The infant Amrapali was reportedly found at the trunk of a mango tree in the city of Vaishali in around 600-500BCE in ancient India. Her name is made up of two Sanskrit words ‘Amra’ which means mango and ‘pallav’ meaning young leaves. She was raised by a couple from the city.
Amrapali grew up to be an extraordinarily beautiful and charming woman. She was trained in many classical dance forms and, she once participated in a dance competition. She won the competition and caught the eye of the nobles and princes. As was the custom, the winner of the competition was declared ‘Nagar Vadhu’ which means city courtesan. They all vied for her love and attention.
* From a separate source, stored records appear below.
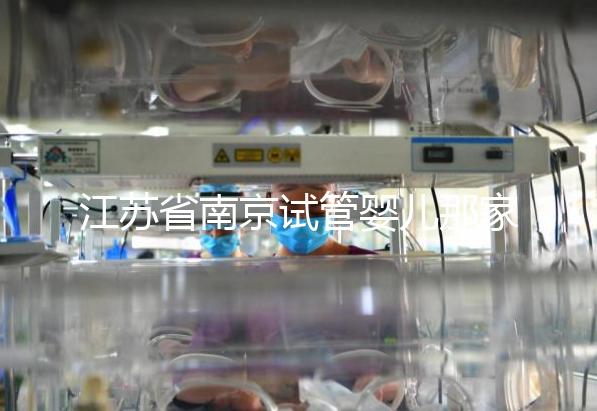 江蘇省南京試管嬰兒那家好？五家南京實力試管醫(yī)院匯總！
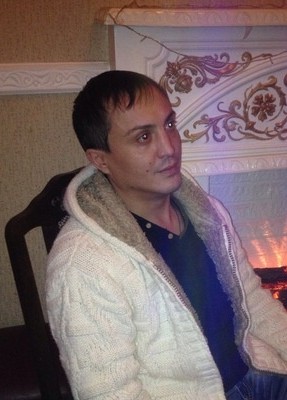 Ангел, 38, Россия, Обоянь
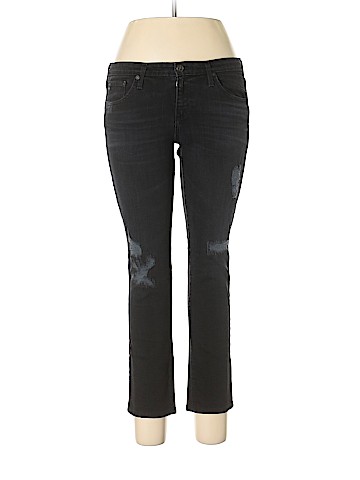 Adriano Goldschmied Jeans (view 1)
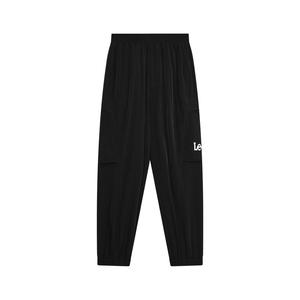 Детские спортивные штаны Lee, Raven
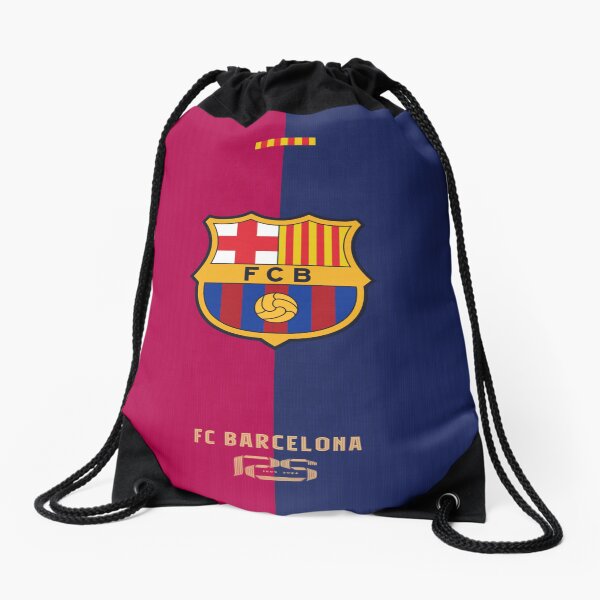 Item preview, Barca 24-25 Home designed and sold by farqaleitart.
To avoid conflict among them, she was declared a Nagar Vadhu. It was customary for a ‘Nagar Vadhu’ to dedicate herself to the pleasure of nobles and princes rather than be devoted to only one, but Amrapali had a right to choose her lover. She was also declared a court dancer.
Her beauty and talent attracted people from far and wide. Over time, she became richer than many nobles and princes of Vaishali. By then, Bimbisar, the King of Magadh, had heard about her. Magadh was an enemy state of Vaishali. He entered Vaishali in the disguise of an ordinary soldier, to spy on the democratic practices of Vaishali. He wanted to see how the government of Vaishali elected one Prince from among the many princes of various states. A chance meeting with Amrapali, during which Bimbisar saved her life, brought him in close proximity to her.
Bimbisar was a gifted musician himself. He spent many days with her in her palace. Amrapali found herself falling in love with him, and he reciprocated her feelings before revealing his true identity to her. She was shocked and anguished to find that she had fallen in love with the enemy, and she asked him to leave. However, Bimbisar managed to convince her to marry him. After a few days of their secret marriage, they were found out, and his true identity was revealed to the entire city. People thronged to Amrapali’s palace and blamed her for hiding an enemy.
Amrapali was then taken a prisoner on charges of treason. Bimbisar managed to escape from the palace with the help of his soldiers. Amrapali was sentenced to life in prison. At that point in time, she was also pregnant with King Bimbisar’s child. Bimbisar learnt about the sentence given to his wife. He ordered an immediate attack on Vaishali in order to save his wife and his unborn child. Thousands of soldiers were killed during this attack, and there was vast destruction in Vaishali. Amrapali was heartbroken that her love led to the destruction of her beloved city and its people.
Bimbisar defeated Vaishali and managed to free Amrapali. When she was released from prison, she saw the thousands of bodies of the dead soldiers and women crying over dead bodies of their husbands, fathers and brother. She became dejected and restless, and she refused to go with Bimbisar.
A few days later, she learnt of Gautam Buddha (also known as The Buddha – founder of the world religion of Buddhism) visiting Vaishali. She invited him to her home and expressed her desire to take refuge with him. She donated her palace and the mango grove around it to ‘sangha’. She eventually became a ‘bhikshuni’ (female monk). Her son reportedly also became a monk.